Alumina is also known as aluminum oxide. It is composed of bauxite (a type of rock), which is the primary source of ore in aluminum. There are also various textures of bauxite such as weak, dense or permeable.
There are generally two ways that alumina is generated and they are:
- Dissolving the bauxite within a furnace
- The Bayer process, where bauxite is compressed and then blended in liquid sodium hydroxide. It is combined with crystals, which causes the reaction of aluminum hydroxide. Once the mixture is turned into aluminum hydroxide, it is then placed into a kiln to deplete any moisture it contains. This process transforms the bauxite into either a powder or a granular form. It can be of various qualities.
When it is applied to the substrate, it acts as a facilitator and helps to absorb any water from gases or liquids that get close to the surface.
There are four different flake shapes of aluminum pigments, which include: conventional, lenticular, non-degradable and physical vapor deposition. Standard pigment size is either a granular or a spherical shape, so aluminum pigments genuinely stand out from the rest.
When it comes to the dispersion procedure, the primary objective is to crush down the aggregates and agglomerates to its prime pigmentary range. Another objective is to allocate the particles uniformly. The smaller the main element dimension, the stronger the color will appear.

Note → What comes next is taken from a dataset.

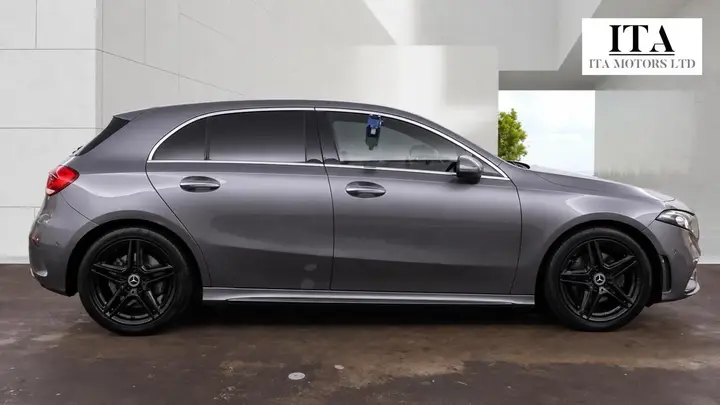 Mercedes-Benz A-Class 2018 photo 5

If you are thinking about adding this type of pigment to any surface, it is best to talk with a professional painter to make sure that you have the right mixture needed.
Uses for Alumina
There are many uses for alumina effect pigments that are not included in general paint products, such as: bone and dental implants, cosmetics, graphic arts and inks, integrated circuit bundles, fireworks, insulators in spark plugs, laboratory materials, grinding equipment, ornaments and solar cells.
Some of the uses that it has within the painting community are:
- Industrial furnace refractory linings
- Machine tools
Advantages for Alumina Effect Pigment
There are many advantages when using this particular pigment. They include:
- Can be used with either water-based or solvent-based coatings
- Remarkable color pureness and translucence
- Extremely light reflective, which includes infrared and UV
- Reflects harmful elements from damaging the substrate
- Applies to plastics
- Cost effective
Disadvantages for Alumina
There are a few disadvantages of Alumina effect pigment that are:
- They have a shorter shelf life
- Need to be in a controlled storage area and container
- Care needs to be taken when working with it for health purposes
As you can see there are many different uses for using alumina effect pigment.

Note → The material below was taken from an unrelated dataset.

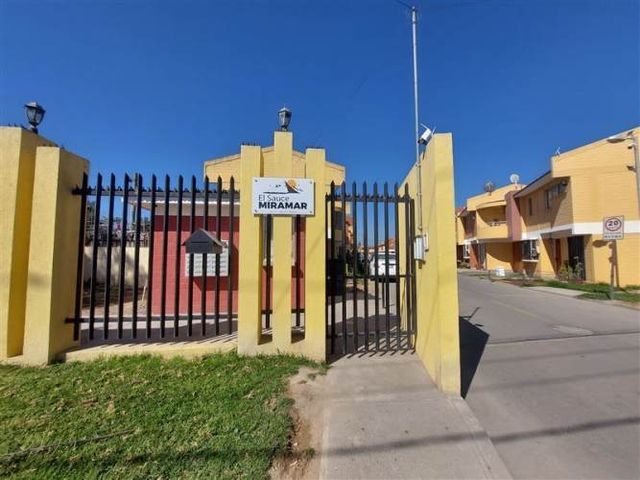 CASA Condominio El Sauce De Miramar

When you have the right type of binder mixed with alumina effect pigment, you can have a solid resistant coating on your surface that can last for an extended period. This pigment is superior to lower quality, cheaper alternatives. It is essential to make sure that you have chosen the right texture of coating or paint, along with the right amount of coverage so that the substrate that you are placing it on can have the full amount of protection possible.
You might think that it will save you money by going with lesser priced pigments and binder products, but you will find that it can end up costing you more by having to go back and cover the area again within a short period. You may also notice intrusion of harsh elements if you choose to use a inferior product.
Your project needs will need to be closely identified, and when weighing your options, keep in mind that alumina effect pigment will not just provide you with a coating that will last but it can also provide you with a great looking structure.